The Location Clock runs on a Raspberry Pi mini computer, which subscribes to an MQTT broker — a server for routing messages in the MQTT internet protocol. Our phones send a message to the broker anytime we cross into or out of GPS waypoints we’ve set up in the OwnTracks phone app, which then triggers the Pi to run a servo that moves the clock hand to show our location. And the Node-RED programming tool made it easy to automate without writing any code.

I’ve seen a couple different approaches to this clock idea, but I especially valued those of Allie Fauer, and Alya Amarsy. Here’s how I made mine.

MATERIALS

  • Old beat-up clock or clock shell
  • Servomotors, 360° (2) aka sail winch servos, GWS model S125 1T 2BB
  • Raspberry Pi single-board computer I used a Raspberry Pi 1 model B+ but pretty much any Pi will do.
  • Adafruit PWM/Servo Pi-Hat item #2327, adafruit.com. I had to solder the headers.
  • Clamping hubs (2) to fit your servo shafts, servocity.com/standard-clamping-hubs
  • Spur gears, hub mount, 48 pitch: 96 tooth (2) and 66 tooth (2) Two for the servos, two for the brass tubes that turn the clock hands. kimbroughracingproducts.com #142 and #301
  • Brass tubes (2) from K&S Hobby. I used the ¼” and 9/32″ diameter tubes, since they can fit into each other.
  • Machine screws, #10×1½” (2) with nuts
  • AlumaMark laser markable aluminum
  • (1 sheet) gold or brass color
  • Plywood, ¼”, 12″×12″
  • Acrylic sheet, clear, 1/8″ thick, scraps
  • Rubber grommet, 11/8″ for topmost clock hand

TOOLS

  • Laser cutter
  • Computer with internet connection for setup only; not needed for clock operation
  • Saw and drill
  • Tinsnips
  • Glue
  • Soldering iron and solder

 

DESIGNING THE CLOCK

I wanted to give my Weasley Clock an authentic, old-fashioned look, like it’s been in the family for a while. On Craigslist, I eventually found an old-fashioned mantel clock that had broken down and was beyond repair.

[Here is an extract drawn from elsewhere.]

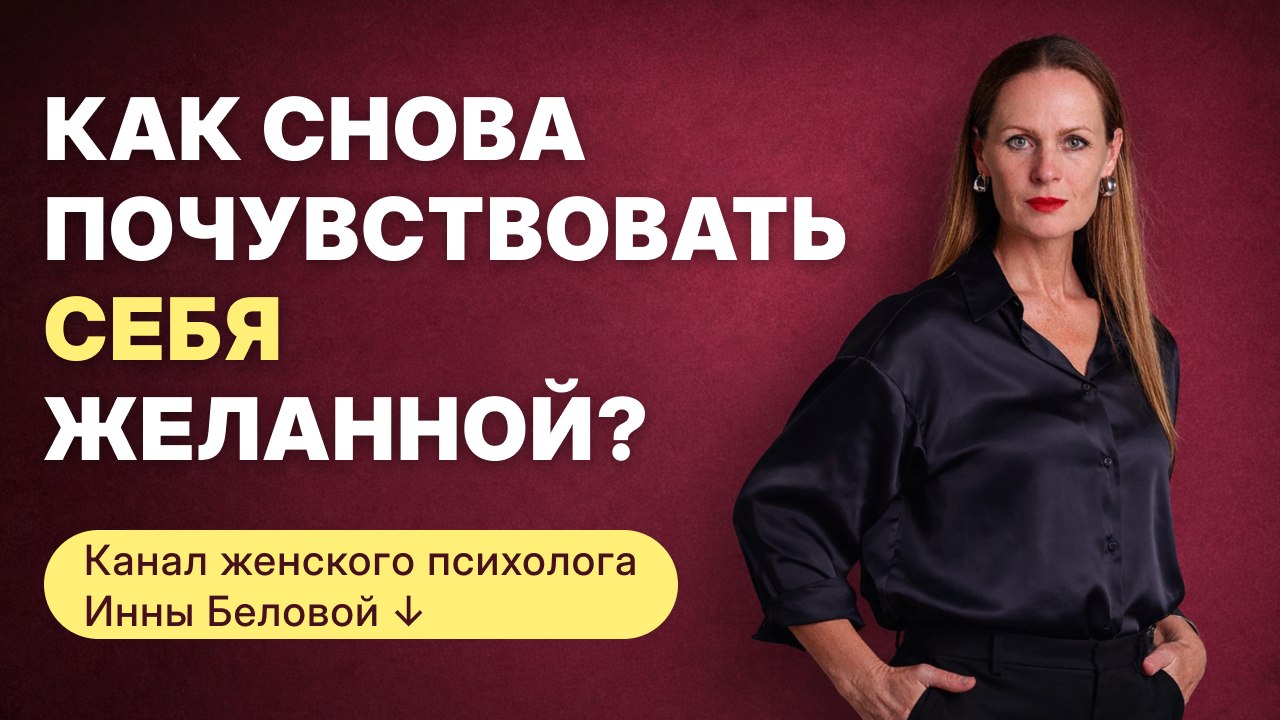 Инна Белова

The clock face was the one piece I knew exactly how I wanted to look. I admit, my Photoshop skills aren’t quite up to snuff to make this from scratch, so I surfed the interwebs and found a design pattern I liked, from this artist on weebly . I downloaded her JPEG (above), imported it into Photoshop, and cut out the clock face.

Next I had to find the Harry Potter-styled type font, so I could replace the destinations with what I wanted.

I converted my Photoshop document to a vector, then made an Adobe Illustrator vector to work with.

I wanted the clock to look antique, so I decided to etch the design onto metal. You can take several different approaches here. The easiest was to etch the design with a CNC laser engraver. I originally bought a sheet of solid brass but the laser wasn’t strong enough to etch it. Then I found an alternative: AlumaMark is thin, flexible aluminum sheeting that’s designed for marking with lasers. I took my Illustrator file to the Omaha Do Space, and “etched” my design with their laser cutter.

Lastly, I cut the face out from the metal sheet by hand — first a rough circle using a jigsaw, then a little more detail work with some tinsnips — and I had my clock face.

I designed the clock hands in Photoshop (above), converted them to a CNC-friendly vector graphic in Adobe Illustrator (below),


then laser-cut them out of ¼” birch plywood.

But I’d forgotten to add holes in the original design, and when I tried to drill them the brittle, scorched plywood broke apart. To work around this, I cut a bit of leftover acrylic to the same width, and drilled the hole through that. I then glued the broken clock hands onto the acrylic, and painted the whole assembly with black spray paint.

Finally, I printed out two small pictures of myself and my wife to attach to the clock hands.

MOVING THE HANDS — HARDWARE

This part was by far the most challenging: How to get the individual clock hands to move freely of their own accord while remaining stacked on top of each other?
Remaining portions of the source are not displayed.